Initial Option Grant for New Board Members

 

Pursuant to the Company’s 2004 Equity Incentive Plan, an automatic grant of an option to purchase 16,666 shares of common stock of the Company (an “Initial Option”) shall be granted on or about the date such non-employee director first becomes a member of the Board, at an exercise price equal to the fair market value of the common stock on the date of grant. The Initial Option is subject to vesting over a period of three years in equal annual installments commencing on the date of grant, subject to the non-employee director’s continued service to the Company through the vesting dates. An employee director who ceases to be an employee, but who remains a director, will not receive an Initial Option.

 

Annual Option Grant for Continuing Board Members

 

Pursuant to the Company’s 2004 Equity Incentive Plan, an automatic annual grant of an option to purchase 10,000 shares of common stock of the Company shall be made to the Company’s continuing non-employee Chairman of the Board, and an automatic annual grant of an option to purchase 6,666 shares of common stock of the Company shall be made to each other continuing non-employee director of the Company, on the date of each Company annual meeting of stockholders beginning in 2012, at an exercise price equal to the fair market value of the common stock on the date of grant (each, an “Annual Option”). Each Annual Option vests in full on the earlier of (i) the first anniversary of the date of grant and (ii) the Company’s next annual meeting of stockholders at which directors are elected, subject to the non-employee director’s continued service to the Company through the vesting date. A continuing non-employee Chairman of the Board or director will receive an Annual Option only if he or she has served on the Board for at least the preceding six (6) months.

 

Annual Cash Compensation

 

Annual Retainer

 

 
 

Each non-employee director shall be entitled to an annual cash retainer in the amount of $18,000 (the “Annual Retainer”). The Company shall pay such retainer on a quarterly basis, subject to the non-employee director’s continued service to the Company as a non-employee director on each such date.

 

Additional Retainer for Board Committee Chairpersons

 

In addition to the Annual Retainer, a non-employee director who serves as the Chairperson of a Board committee shall be entitled to the following annual cash retainer: (a) $25,000 for the Chairperson of the Audit Committee; (b) $5,000 for the Chairperson of the Compensation Committee; and (c) $5,000 for the Chairperson of the Corporate Governance and Nominating Committee. The Company shall pay the applicable retainer on a quarterly basis, subject to the non-employee director’s continued service to the Company as Chairperson of the applicable Board committee on each such date.

 

Additional Retainer for Board Committee Members

 

In addition to the Annual Retainer, a non-employee director who serves as a member, but not the Chairperson, of a Board committee shall be entitled to the following annual cash retainer: (i) $5,000 for membership on the Audit Committee; (ii) $2,500 for membership on the Compensation Committee; and (iii) $2,500 for membership on the Corporate Governance and Nominating Committee.

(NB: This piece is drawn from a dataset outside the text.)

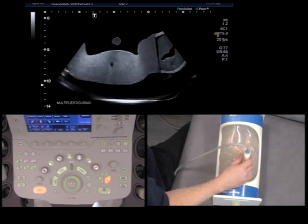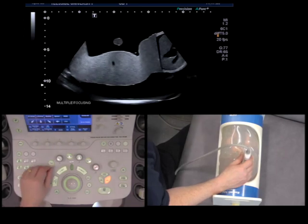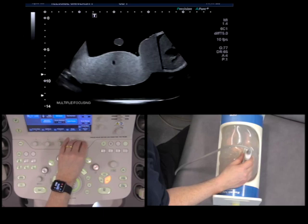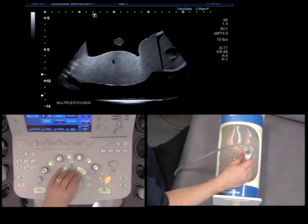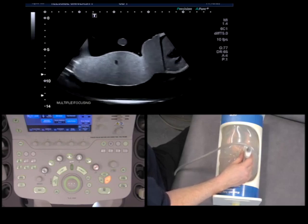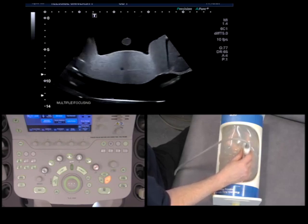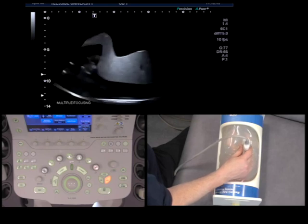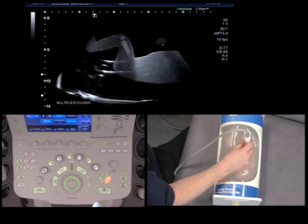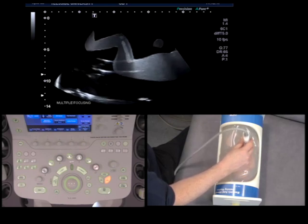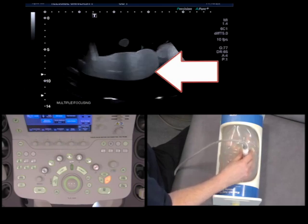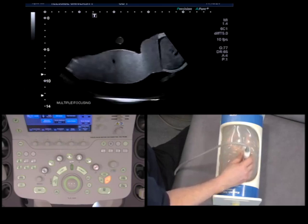That's what we want. Now, if I then increase the focal zones, look what happens with the frame rate — it reduces to 10. If I move my hand, the image is no longer keeping up. And as I move quickly, you can see a nice reverberation artifact there right in the center of the screen. The image is not keeping up with my hand.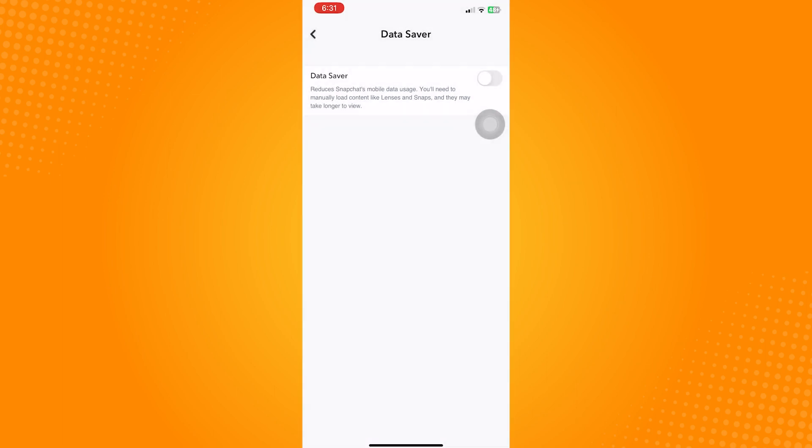After that, your snaps should now load, as long as you have a good internet connection. So that is how to fix snaps not loading on iPhone.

The Company shall pay the applicable retainer on a quarterly basis, subject to the non-employee director’s continued service to the Company as a member of the applicable Board committee on each such date.

 

Proration of Cash Retainers

 

Notwithstanding anything in this Director Compensation Policy to the contrary, in the event a non-employee director assumes or vacates a position on the Board or one of its committees during a quarter, he or she shall be entitled to a prorated portion of the cash retainer for such position for that quarter based on the percentage of days in that quarter during which he or she served in that position.

 

Provisions Applicable to All Non-Employee Director Equity Compensation Grants

 

Each Initial Option and Annual Option shall be subject to the terms and conditions of the Company’s 2004 Equity Incentive Plan and the terms of the Stock Option Agreement issued thereunder. The descriptions of these grants set forth above are qualified in their entirety by reference to the 2004 Equity Incentive Plan and the applicable Stock Option Agreement issued thereunder.